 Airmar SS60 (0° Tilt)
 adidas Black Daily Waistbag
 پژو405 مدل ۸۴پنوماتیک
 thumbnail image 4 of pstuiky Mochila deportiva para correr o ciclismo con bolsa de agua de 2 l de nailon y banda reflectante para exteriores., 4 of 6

★ ★ ★ ★ ★ ★ ★

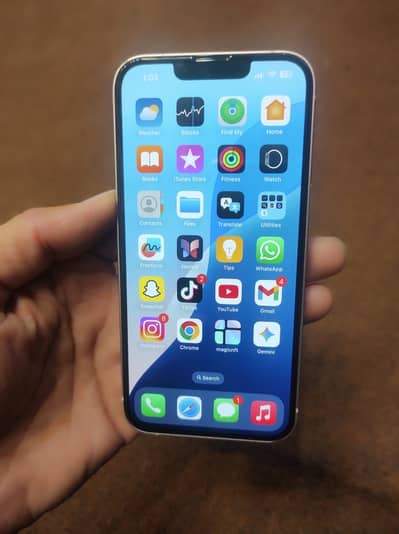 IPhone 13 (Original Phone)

★ ★ ★ ★ ★ ★ ★

Everything above from the line with "Airmar SS60 (0° Tilt)" to the line with "thumbnail image 4", both included, must be repeated exactly, and nothing outside that range.

# Reply to the task
 Airmar SS60 (0° Tilt)
 adidas Black Daily Waistbag
 پژو405 مدل ۸۴پنوماتیک
 thumbnail image 4 of pstuiky Mochila deportiva para correr o ciclismo con bolsa de agua de 2 l de nailon y banda reflectante para exteriores., 4 of 6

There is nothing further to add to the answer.